----- Source material
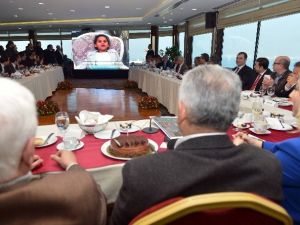 Bakan Yıldırım’a, Torunlarından Doğum Günü Sürprizi
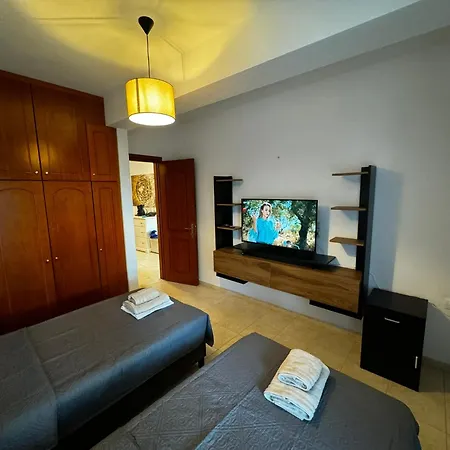 Apartment Center Stylish New 2 Bd With Balcony Skiathos Town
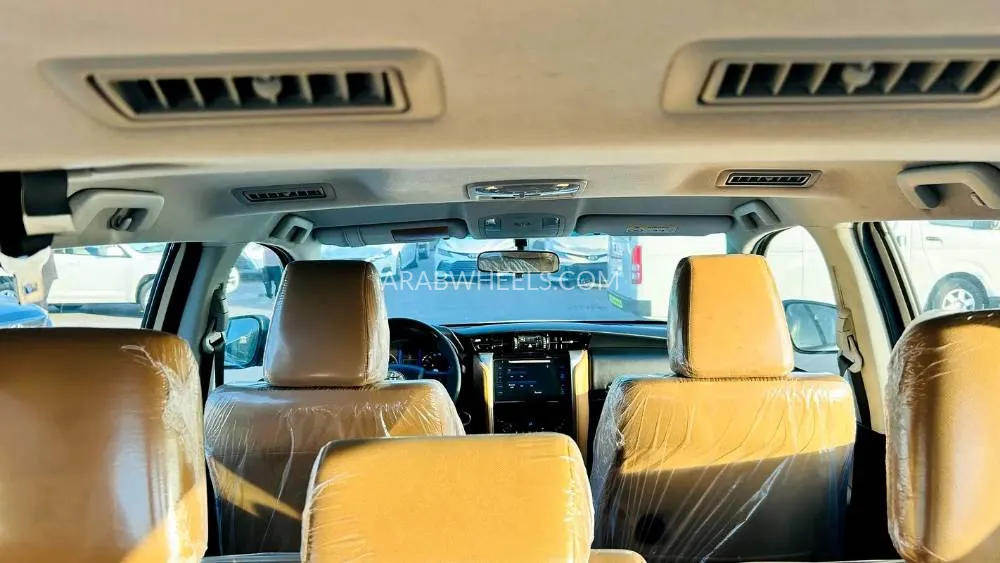 Toyota Fortuner 2019 for Sale in Sharjah Image-4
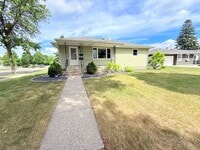 Building Photo - Spacious 4 Bed, 2 Bath Home – Perfect for Families or Roommates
----------
# [Your goal]
From the line with "Toyota Fortuner 2019" to the last line above, restate each line word for word, but skip the pictures.

# [Completed task]
 Toyota Fortuner 2019 for Sale in Sharjah Image-4
 Building Photo - Spacious 4 Bed, 2 Bath Home – Perfect for Families or Roommates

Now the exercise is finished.